特に轢かれてしまう娘さんの描かれ方が私は切なかった。
普通の引っ込み思案、ともすればいじめでも受けていたのかな?と思いきや、それ以前の問題だった。
もっと早い段階で気づいてあげることが出来ていて、対応できていればまた違ったのかな。と思うと切ない。(そこで言うと母親が気づいてたのにな、というところがありますが…)

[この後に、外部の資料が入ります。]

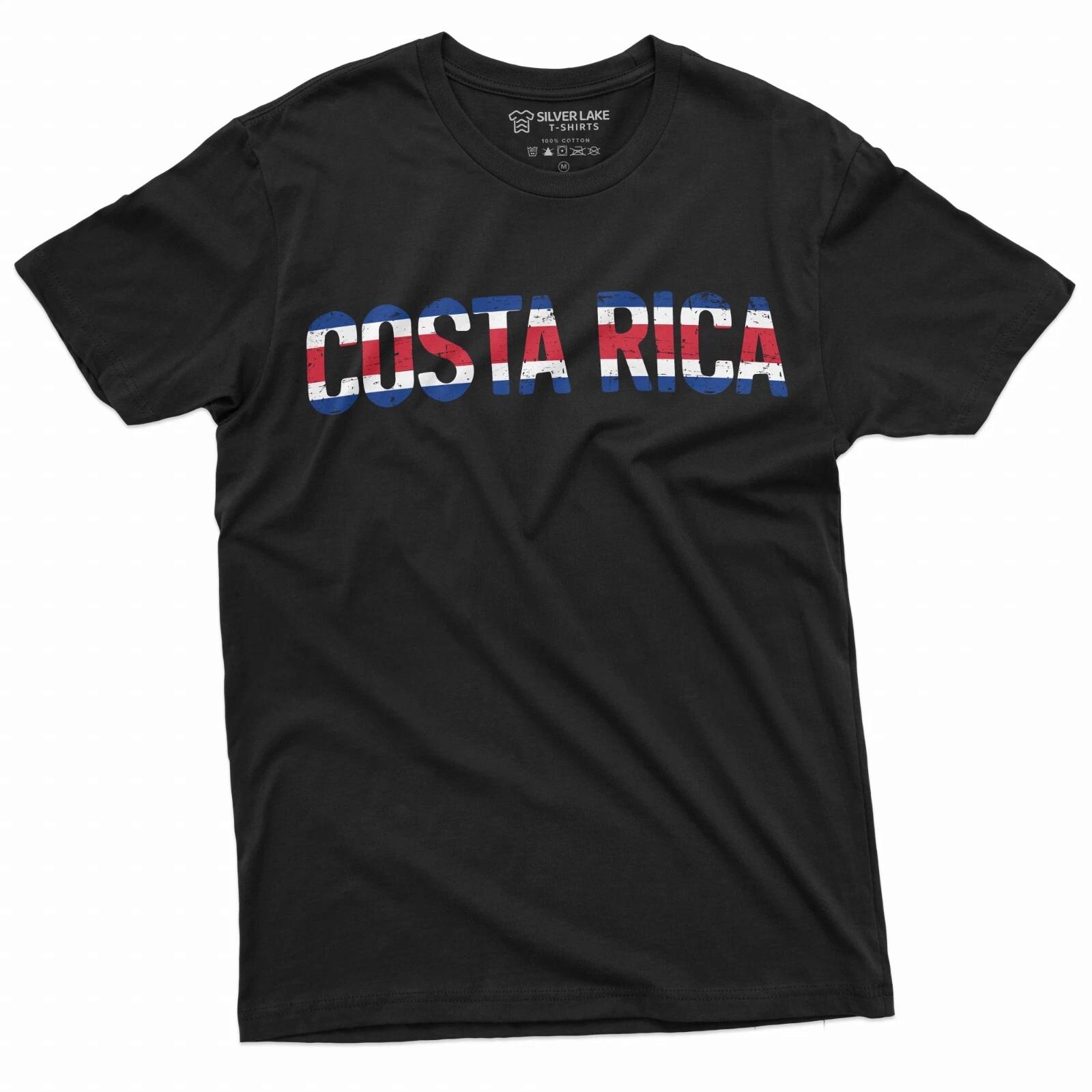 Costa Rica T-shirt Flag Patriotic Nationality Country Costa Rica Tee Shirt XXL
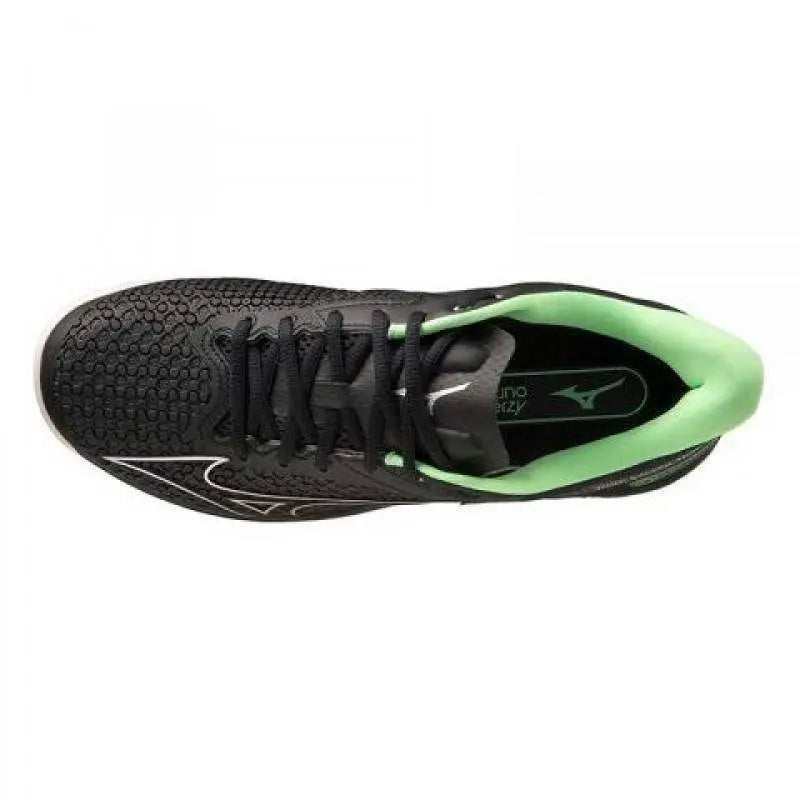 Zapatillas Mizuno Wave Exceed Tour 5 CC Negro Verde Pádel Elite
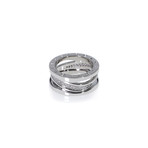 Bulgari B Zero 18k White Gold Diamond Band Ring // Ring Size: 6.25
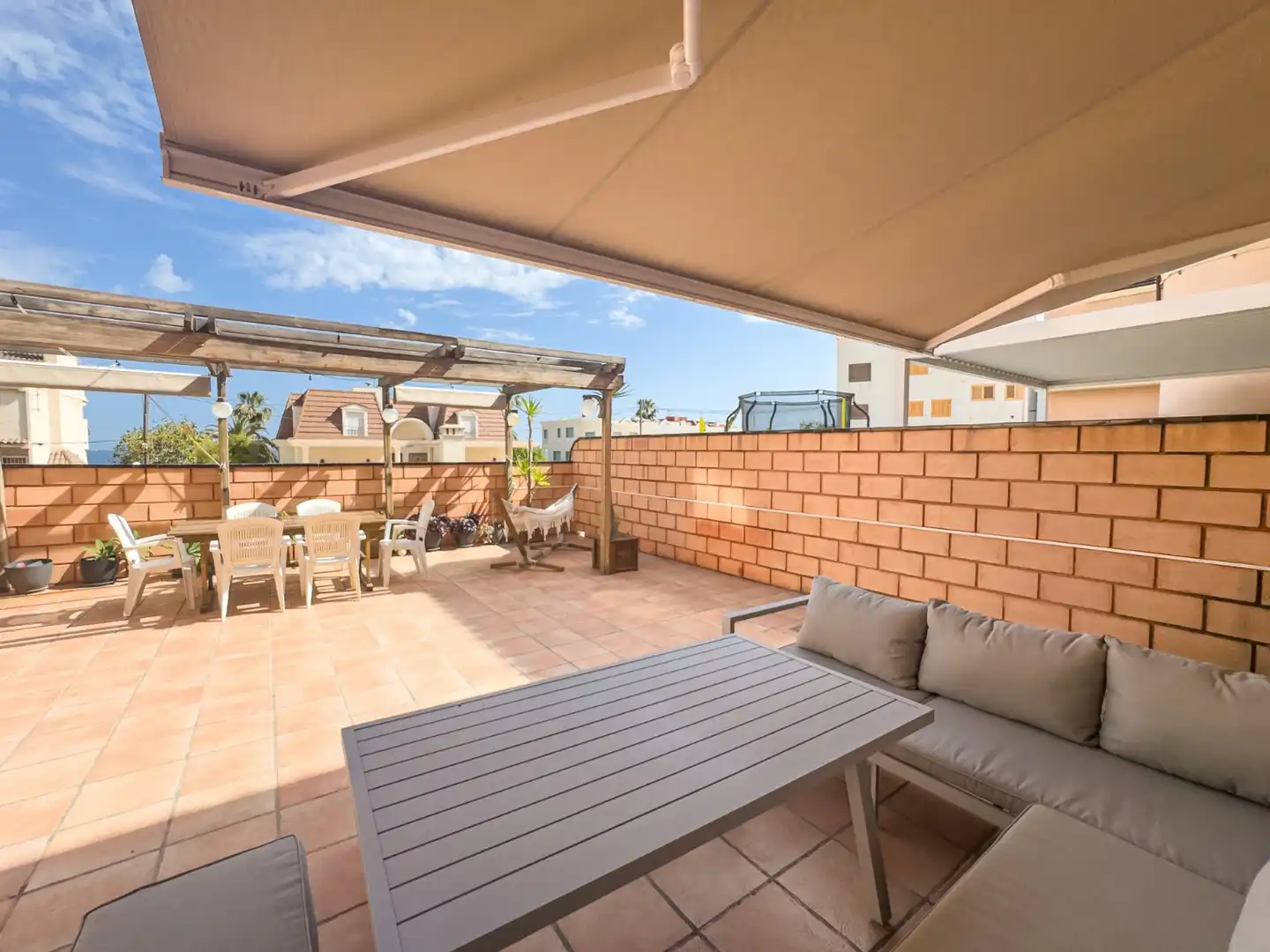 Terraza de Dúplex de alquiler en Santa Pola con Terraza, Trastero y Piscina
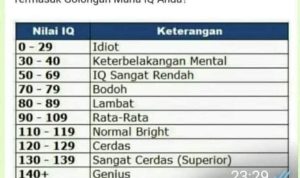 link tes IQ Online terbaru, untuk melihat seberapa cerdasnya kamu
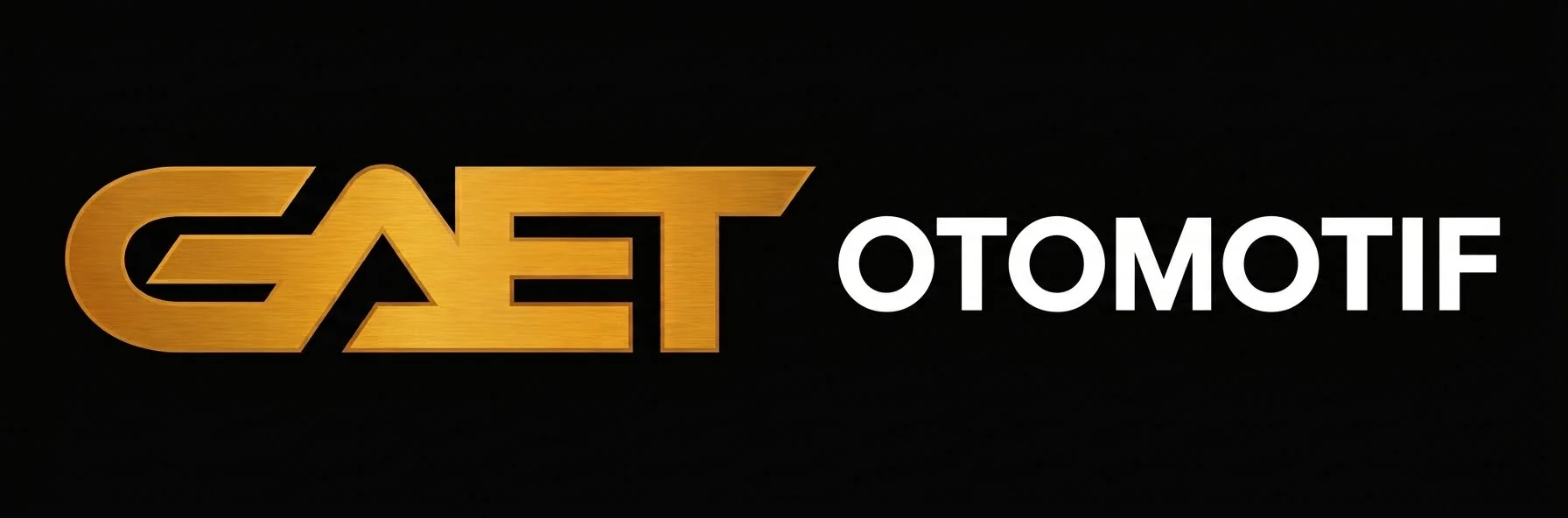 Gold GET logo on black background, followed by white OTOMOTIF text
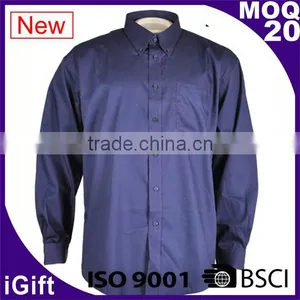 BSCI Audit Factory Latest Casual Shirt Design Woven thumbnail-1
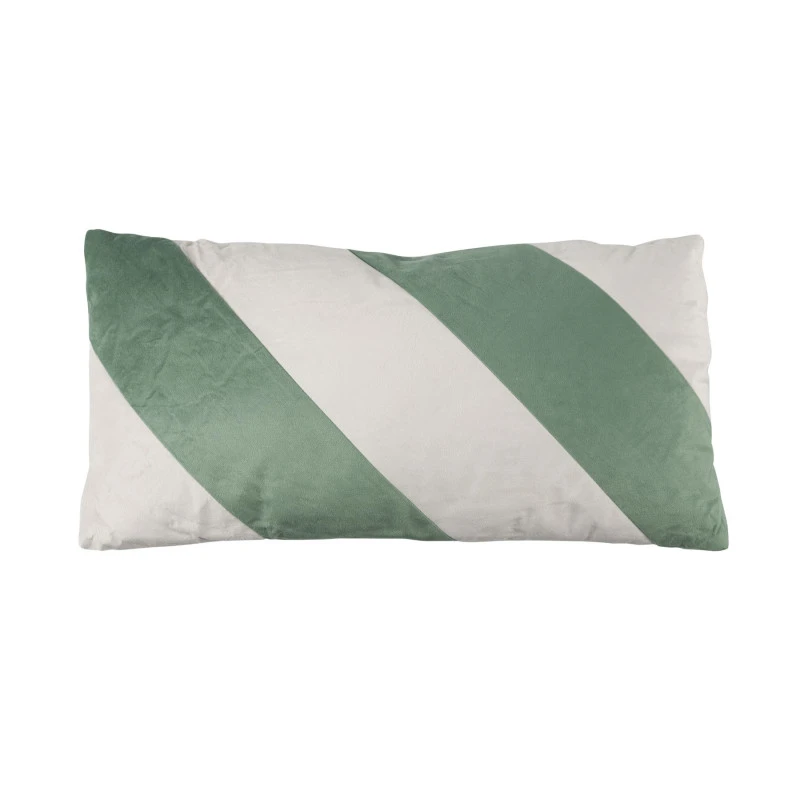 Coussin Tissu Blanc Et Vert HOY 30x60 Cm - Boite à Design 3 Coussin Tissu Blanc Et Vert HOY 30x60 Cm - Boite à Design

そしてなあなあで済ませようとする教育現場への切り込みが鋭い。
担任の先生が自分の教育に疑問を感じるけれど、それを押し潰していくところなんてしょっちゅう取り沙汰されている事で、ああこうやって教育現場は若い芽を押し潰していくのだな、としみじみ思いました。
と、ポイントを上げていくとキリがないのですが、
結論、見る価値あります。
胸糞な登場人物たちも、話が進んでいく事で自分の行いを振り返り、自問自答し、うまくいかない現実にもがきながら進み始めるのでずっと胸糞展開が続くわけではありません。(まぁ松坂桃李くんは最早PTSDだよね、という位に追い詰められることにはなっちゃうんですけど…)
でも見る価値あります!むしろこれは見た方がいい!
ただ、見終わった後めちゃくちゃ疲れるのと、気分がどんよりするのは覚悟して見た方が良いかもしれません(それだけ俳優さん達の演技と脚本と演出が素晴らしいということなので…笑)
ちなみに胸糞胸糞言ってますが、漁師の弟子が「コイツいいやつだなー」と、要所要所で良い味出してます。
「自分はあなたが父親だったら嫌ですね」的なセリフを古田新太さんに言うシーンがあるんですが、いや良く言ったなお前…!!と、その瞬間喝采を送りたかった。
その他、しつこいマスコミを港から追い出したり、クソジジイと言いつつ師匠を尊敬しているのが伝わってきて凄くいい弟子でした。
それと最後に出てくるトラックの運ちゃん。松坂桃李くんに救いを与えてくれるんですけど、なんか好き笑
途中で桃李くんが轢かれそうになるトラックの運ちゃんもこの人だった気がする?
あと、個人的に一番泣けたのが、轢いてしまったお嬢さんがなんやかやなった時のお母さんの涙と、そのお母さんが古田父にかける言葉ですかね…
古田一家の涙では正直泣けなかったんですが、このお母さんにはものすごく泣かされました。
自分が同じ状況に立っても絶対言えないな、凄いな、と思いました。
頑なだった父親に『お前は娘のことを理解してもいないのに良く言えたもんだな?』と投げ掛ける(父親側が勝手にそう感じるだけですが)場面は、唯一もう一回見たいな、と思うシーンでした。
この映画を見て感じることは人それぞれだと思いますが、何かしら必ず残る作品になると思うのでオススメです。